Prove continuouty of 1/x (delta-epsilon)

[wglmb]

Hi guys, I've been trying to do this for a while but I'm not really getting anywhere. Hints would be much appreciated!

Homework Statement

Prove that the function g(x)=1/x is continuous on \latexbb{R}\smallsetminus\{0\}, but cannot be defined at the origin 0 in such a way that the resulting function is continuous on \latexbb{R}.

Homework Equations

The Attempt at a Solution

Just the first part for now - proving continuity on \latexbb{R}\smallsetminus\{0\}.
They want an \epsilon-\delta proof. Here we go...


Let a,b\in\latexbb{R}\smallsetminus\{0\}.
Let \delta=\epsilon>0.
Then \forall a\in\latexbb{R}\smallsetminus\{0\} and \forall\epsilon>0 we have:
\mid a-b\mid<\delta\Rightarrow\mid g(a)-g(b)\mid=\mid \frac{1}{a}-\frac{1}{b}\mid=\mid\frac{b-a}{ab}\mid<\frac{\delta}{\mid ab\mid}
Now I take the case where b is such that \mid a-b\mid>1 and we have...
\frac{\delta}{\mid ab\mid}<\delta=\epsilon
So it's proven for such b (I think?)

Now I have no idea what to do about b such that \mid a-b\mid<1. Or was splitting it into two cases a bad idea? Am I going anywhere useful here?
Please help!

 

[Landau]

It is not a good idea to split cases. You will have to take a different delta to handle the situation at once.

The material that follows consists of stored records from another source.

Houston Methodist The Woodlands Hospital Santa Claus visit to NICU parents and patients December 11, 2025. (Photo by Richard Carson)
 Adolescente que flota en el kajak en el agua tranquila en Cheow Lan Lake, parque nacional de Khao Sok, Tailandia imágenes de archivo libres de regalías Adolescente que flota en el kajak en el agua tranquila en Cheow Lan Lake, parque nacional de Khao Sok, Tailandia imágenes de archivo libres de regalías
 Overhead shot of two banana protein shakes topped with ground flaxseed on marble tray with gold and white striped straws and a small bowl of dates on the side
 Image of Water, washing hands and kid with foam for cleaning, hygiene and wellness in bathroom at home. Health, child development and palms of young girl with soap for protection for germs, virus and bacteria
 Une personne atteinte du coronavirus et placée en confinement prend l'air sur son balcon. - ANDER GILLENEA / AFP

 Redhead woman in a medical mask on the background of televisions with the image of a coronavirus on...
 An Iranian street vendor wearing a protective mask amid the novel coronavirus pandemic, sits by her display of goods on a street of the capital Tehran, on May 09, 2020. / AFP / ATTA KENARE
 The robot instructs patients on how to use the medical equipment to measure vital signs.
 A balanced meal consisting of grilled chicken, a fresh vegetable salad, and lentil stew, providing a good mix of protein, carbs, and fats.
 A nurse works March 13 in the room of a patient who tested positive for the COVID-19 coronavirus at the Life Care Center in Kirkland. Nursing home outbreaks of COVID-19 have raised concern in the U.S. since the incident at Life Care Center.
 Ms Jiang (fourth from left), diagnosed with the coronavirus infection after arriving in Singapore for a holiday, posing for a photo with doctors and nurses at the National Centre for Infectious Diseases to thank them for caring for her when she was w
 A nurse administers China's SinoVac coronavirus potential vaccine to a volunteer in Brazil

The thing that gives some trouble, is the denominator |ab|. We want to make sure this is small. Now, a is fixed (since we want to prove continuity at the fixed point a), so in fact the only trouble is 1/|b|, which we want to make small. This is the same as |b| being not too big. This can be arranged by choosing the right delta, which will depend on a. In that way, |a-b|<delta implies that b will be close to a, and after some fiddling you will be able to estimate 1/|b|.
I hope this helps you. You can also take a look at this thread.